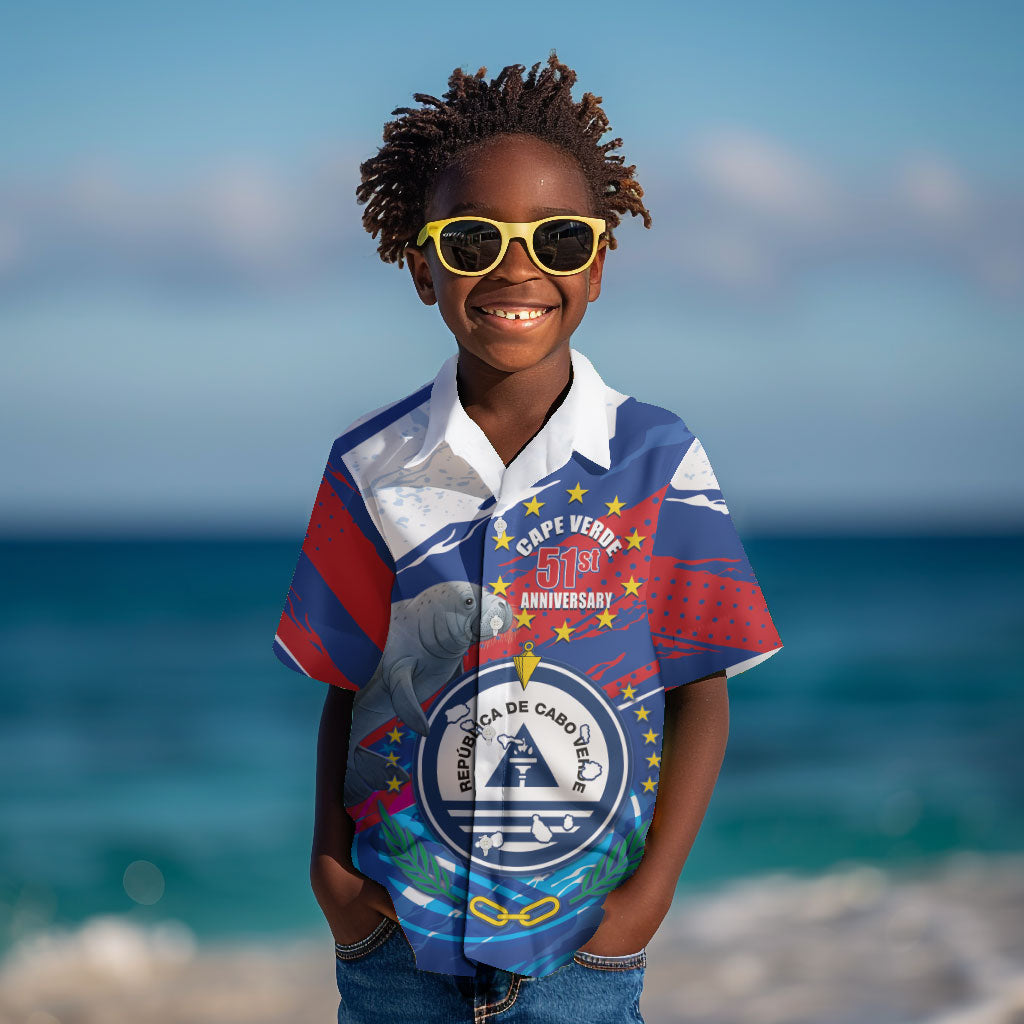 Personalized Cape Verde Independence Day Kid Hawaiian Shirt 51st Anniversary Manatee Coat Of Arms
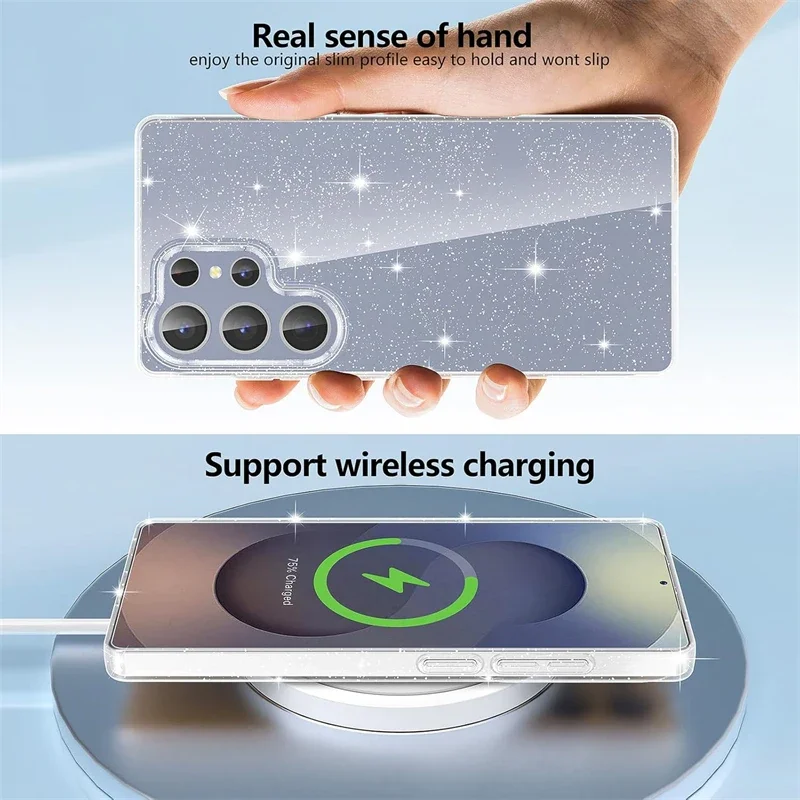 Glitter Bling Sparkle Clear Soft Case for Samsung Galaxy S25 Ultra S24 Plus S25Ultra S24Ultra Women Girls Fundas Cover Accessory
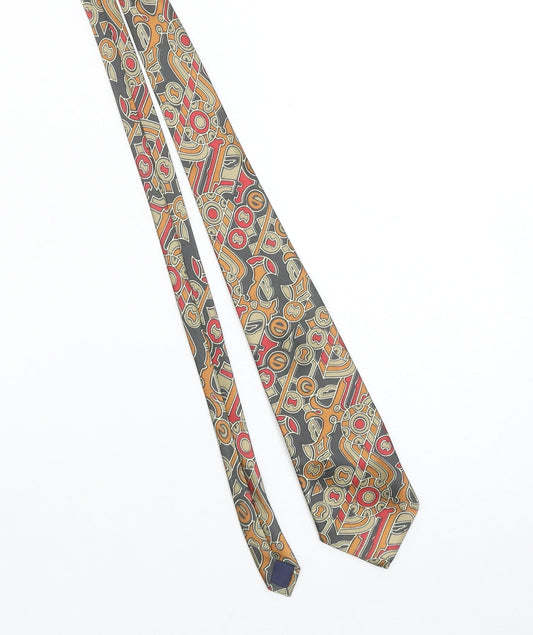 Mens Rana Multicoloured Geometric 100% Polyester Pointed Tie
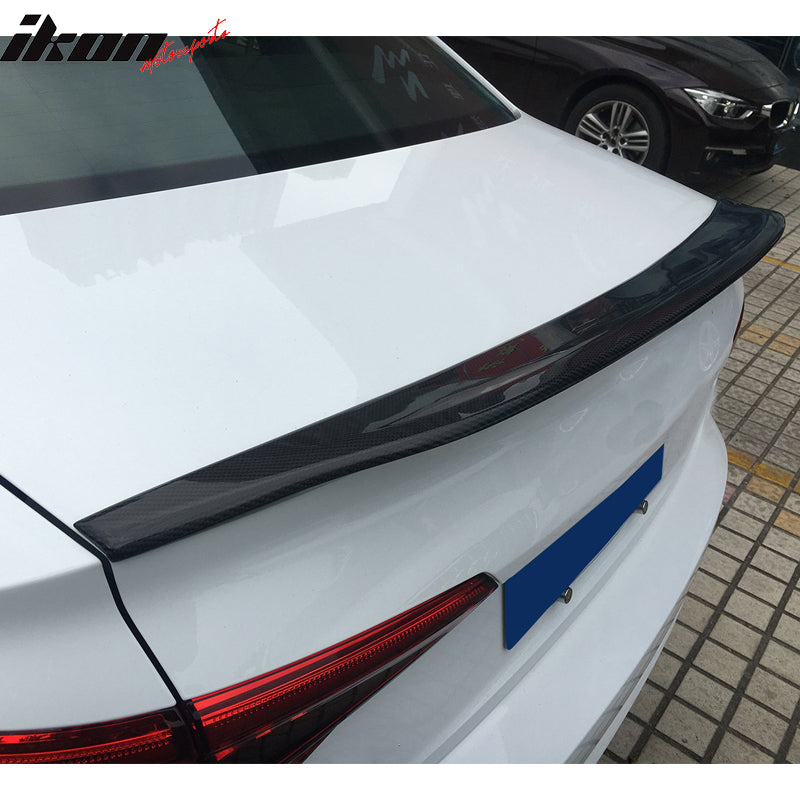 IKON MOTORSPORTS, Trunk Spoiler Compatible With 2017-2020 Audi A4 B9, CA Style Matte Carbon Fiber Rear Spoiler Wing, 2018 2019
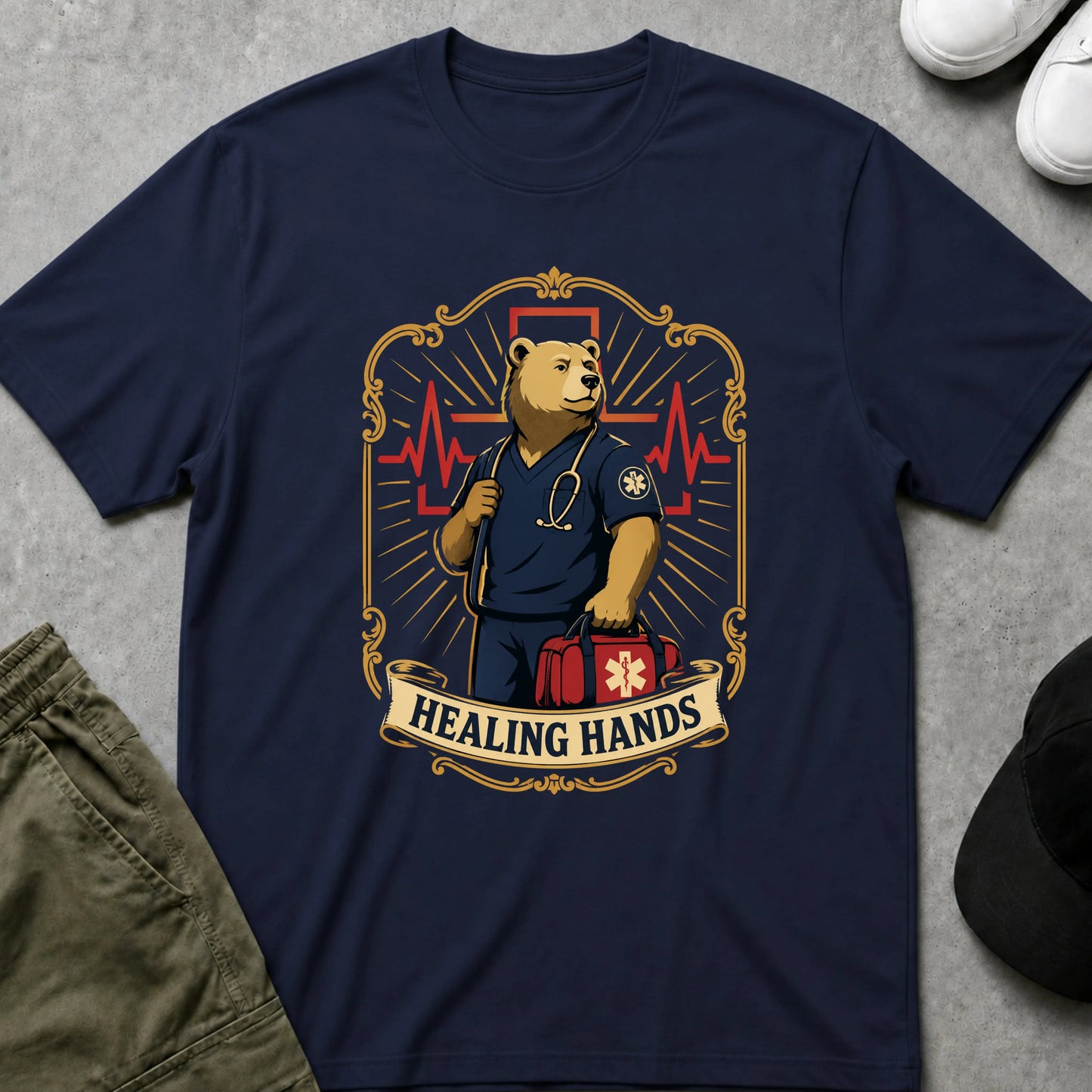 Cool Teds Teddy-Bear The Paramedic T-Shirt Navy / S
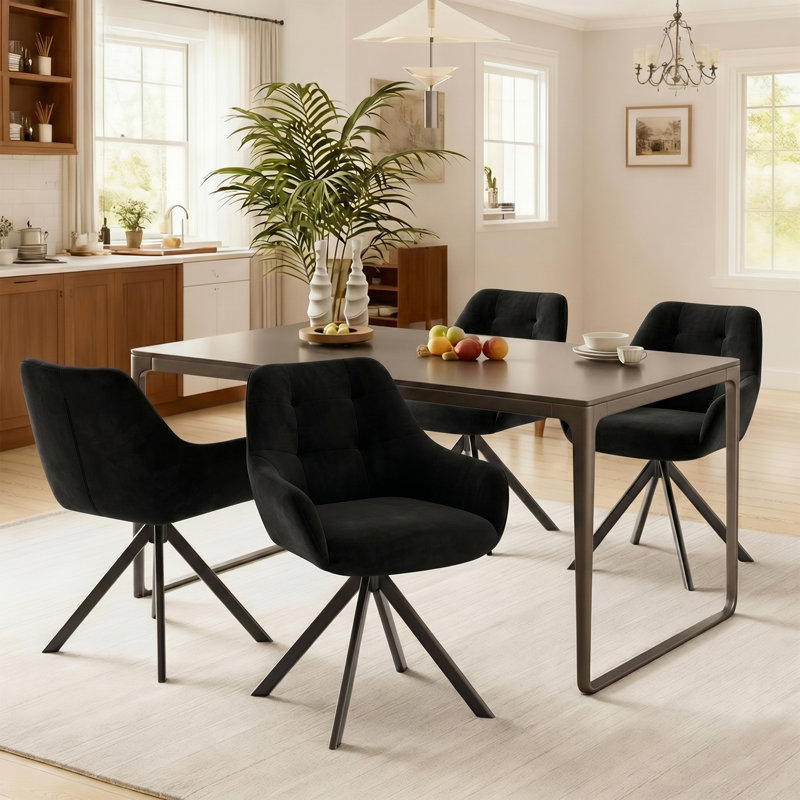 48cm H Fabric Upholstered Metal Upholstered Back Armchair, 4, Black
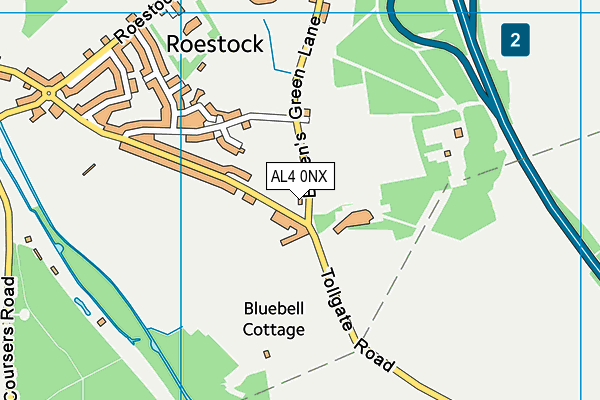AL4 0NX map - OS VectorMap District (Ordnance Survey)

┄┄┄┄┄┄

**Required action:** For this exercise, transcribe exactly only the lines from the one containing "IKON MOTORSPORTS, Trunk" through the end of the listing, inclusive, without the pictures.

**Exercise solution:**
 IKON MOTORSPORTS, Trunk Spoiler Compatible With 2017-2020 Audi A4 B9, CA Style Matte Carbon Fiber Rear Spoiler Wing, 2018 2019
 Cool Teds Teddy-Bear The Paramedic T-Shirt Navy / S
 48cm H Fabric Upholstered Metal Upholstered Back Armchair, 4, Black
AL4 0NX map - OS VectorMap District (Ordnance Survey)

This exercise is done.